Hep, konuşmalarımın, yazılarımın konusudur. Eşim dostum, arkadaşlarım bilirler, okurlarım bilirler. 'En güzel köşklerin, yalıların, dubleks tribleks villaların malikanelerin gerçek keyfini veya mutluluğunu, uşaklar, şoförler, temizlikçiler, bakıcılar, mürebbiyeler çıkarırlar' derim. Malikanelerin hizmet elemanlarının mutfak yanındaki sofralarının mutluluğu, yine o malikanelerin en lüks salonlarının beyaz havyarlı binbir çeşit sofralarından çok daha sıcak çok daha özlüdür oysa. Çünkü onlar, bakınca gözden değil özden bakar, çünkü onlar, dudaklarıyla değil yürekleriyle gülümserler, çünkü onlar, içlerini bıçak keser gibi paylaşmazlar, paylaşmadıklarında içlerini bıçak keser.
Büyük salonların, baloların, kokteylllerin, şaşaalı, gösterişli parlak, markalı kıyafetlerine yapışmış şuh kahkahaların aslında gerçek mutluluğun tadına varamamanın haykırışları olduğunu hissetmezsiniz, bilakis bilirsiniz.
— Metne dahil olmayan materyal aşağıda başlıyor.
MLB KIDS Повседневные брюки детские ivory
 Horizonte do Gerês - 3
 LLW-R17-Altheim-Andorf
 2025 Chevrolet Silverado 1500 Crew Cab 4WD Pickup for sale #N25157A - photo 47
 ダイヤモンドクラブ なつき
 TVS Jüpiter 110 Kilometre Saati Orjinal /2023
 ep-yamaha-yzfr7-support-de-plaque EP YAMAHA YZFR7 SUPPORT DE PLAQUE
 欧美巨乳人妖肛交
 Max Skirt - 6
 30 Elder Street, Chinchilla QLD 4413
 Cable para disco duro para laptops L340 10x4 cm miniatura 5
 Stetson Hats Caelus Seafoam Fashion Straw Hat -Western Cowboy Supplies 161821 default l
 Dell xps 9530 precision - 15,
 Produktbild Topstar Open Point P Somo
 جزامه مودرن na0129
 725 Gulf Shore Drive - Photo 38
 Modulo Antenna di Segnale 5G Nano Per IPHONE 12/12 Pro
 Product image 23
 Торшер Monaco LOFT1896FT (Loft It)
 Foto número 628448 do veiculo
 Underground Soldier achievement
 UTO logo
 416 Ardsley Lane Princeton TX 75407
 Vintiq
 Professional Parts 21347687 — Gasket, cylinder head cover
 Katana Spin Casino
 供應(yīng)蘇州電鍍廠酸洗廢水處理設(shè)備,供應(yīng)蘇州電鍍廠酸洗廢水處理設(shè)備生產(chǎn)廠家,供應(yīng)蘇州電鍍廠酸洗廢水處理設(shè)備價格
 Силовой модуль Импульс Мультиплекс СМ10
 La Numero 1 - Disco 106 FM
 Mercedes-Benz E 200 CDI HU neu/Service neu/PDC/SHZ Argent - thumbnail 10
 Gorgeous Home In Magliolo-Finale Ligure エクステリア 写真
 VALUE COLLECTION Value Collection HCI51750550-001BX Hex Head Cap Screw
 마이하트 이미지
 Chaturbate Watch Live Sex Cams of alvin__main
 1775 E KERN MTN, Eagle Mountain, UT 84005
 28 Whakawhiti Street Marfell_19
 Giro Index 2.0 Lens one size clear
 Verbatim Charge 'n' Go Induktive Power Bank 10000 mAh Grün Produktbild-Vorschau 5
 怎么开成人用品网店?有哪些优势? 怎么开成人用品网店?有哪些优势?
Ve o tören veya seremonilere hapsolmuş sözde mutluluklar, hayatın diğer zamanlarındaki derin mutsuzluklarının bataklığına saplanmıştır, parıltılı gecenin derinliğinin devam eden korkunç karanlıklarındaki gibi.
Paranın sayılabilir olması ne kadar kolay, mutluluğun sayılamaz olması ne kadar zor ise, gözlerinin içini para, çıkar veya menfaat bürümüşlerin gözlerindeki yapaylıkları görmek o kadar kolay, mutluluğu yakalamaya, keşfetmeye olan mesafelerini kestirmek ise bir o kadar zordur.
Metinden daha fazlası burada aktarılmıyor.